Components of Halpern's model
Halpern (1998) argued that to engage appropriately in critical thinking, first, requires a certain attitude toward critical thinking and analysis. Halpern includes here disposition, a positive view of critical thinking and a willingness to engage in and commit some effort to the work required to develop this skill. She suggests that a critical thinker displays these characteristics:
- 1. a willingness to engage in and persist at a complex task;
- 2. habitual use of plans and the suppression of impulsive activity;
- 3. flexibility or open-mindedness;
- 4. willingness to abandon nonproductive strategies in an attempt to selfcorrect; and
- 5. an awareness of the social realities that need to be overcome (Halpern 1998, 452).
Assuming a student has these characteristics, he or she is then capable of developing the skills and abilities of critical thinking.
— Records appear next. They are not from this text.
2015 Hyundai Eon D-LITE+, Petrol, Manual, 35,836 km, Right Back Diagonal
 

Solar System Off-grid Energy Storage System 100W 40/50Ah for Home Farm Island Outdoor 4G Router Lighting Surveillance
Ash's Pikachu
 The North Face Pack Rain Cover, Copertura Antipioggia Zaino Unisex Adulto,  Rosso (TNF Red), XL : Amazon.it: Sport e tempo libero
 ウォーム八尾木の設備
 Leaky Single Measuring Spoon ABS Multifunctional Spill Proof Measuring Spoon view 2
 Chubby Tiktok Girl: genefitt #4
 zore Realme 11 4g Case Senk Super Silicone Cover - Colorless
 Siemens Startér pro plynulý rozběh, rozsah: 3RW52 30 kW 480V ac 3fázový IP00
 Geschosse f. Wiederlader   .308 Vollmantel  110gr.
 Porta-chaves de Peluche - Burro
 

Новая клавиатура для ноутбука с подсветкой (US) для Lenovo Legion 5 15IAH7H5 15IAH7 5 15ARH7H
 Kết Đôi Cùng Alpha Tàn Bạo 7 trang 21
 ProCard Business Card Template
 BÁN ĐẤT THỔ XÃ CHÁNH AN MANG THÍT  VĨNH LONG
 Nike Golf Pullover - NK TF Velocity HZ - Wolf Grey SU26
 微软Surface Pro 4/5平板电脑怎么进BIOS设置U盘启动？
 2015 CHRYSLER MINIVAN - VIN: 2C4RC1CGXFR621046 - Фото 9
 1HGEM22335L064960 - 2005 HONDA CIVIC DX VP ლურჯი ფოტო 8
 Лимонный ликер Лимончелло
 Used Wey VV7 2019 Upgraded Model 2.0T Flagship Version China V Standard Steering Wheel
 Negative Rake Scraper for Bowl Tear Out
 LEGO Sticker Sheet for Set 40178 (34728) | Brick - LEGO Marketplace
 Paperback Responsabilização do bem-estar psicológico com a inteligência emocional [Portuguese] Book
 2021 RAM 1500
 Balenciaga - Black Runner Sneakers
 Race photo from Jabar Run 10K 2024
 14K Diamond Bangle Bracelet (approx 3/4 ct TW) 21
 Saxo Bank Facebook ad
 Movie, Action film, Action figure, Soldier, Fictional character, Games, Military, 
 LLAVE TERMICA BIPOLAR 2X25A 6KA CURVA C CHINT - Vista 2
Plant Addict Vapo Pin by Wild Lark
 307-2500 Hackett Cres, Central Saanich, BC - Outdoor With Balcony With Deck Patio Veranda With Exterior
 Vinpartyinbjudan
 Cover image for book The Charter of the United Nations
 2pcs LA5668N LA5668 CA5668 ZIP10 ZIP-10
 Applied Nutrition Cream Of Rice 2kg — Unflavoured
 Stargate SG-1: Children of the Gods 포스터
These include an ability to analyze or argue, decision-making and problem-solving skills, an ability to generate alternative explanations or points of view and then sensibly judge these, and an ability to test hypotheses. Training in structure is the ability to recognize or notice when to apply the skills and to detect appropriate contexts for application of critical thinking (453). A key aspect of structure is also the ability to transfer knowledge, skills, patterns, or analogies appropriately from the representations of past experience stored in memory to the current problem. Metacognitive monitoring, Halpern's last component, is the "executive or boss" (454). Halpern describes metacognitive monitoring as the ability to check the progress of any critical thinking activity, to evaluate the thinking against its goal, and to adjust the efforts accordingly. She suggests that this component can be enhanced through "well structured questions" to encourage reflection on learning (454).
Halpern also noted that many educators do not take into account these foundations of cognitive science when developing critical thinking lessons and curricula. She argued that undergraduate students demonstrate poor transferral of critical thinking skills and abilities, citing an example in which 99% of college students endorsed at least one paranormal phenomenon (see Messer and Griggs 1989). Halpern also suggested that many adults are not able to extend critical thinking skills to contexts outside of formal education settings. For example, the majority of adults read horoscopes and most of these believe that they are written for their own personal situation (Lister, 1992, cited in Halpern, 1998).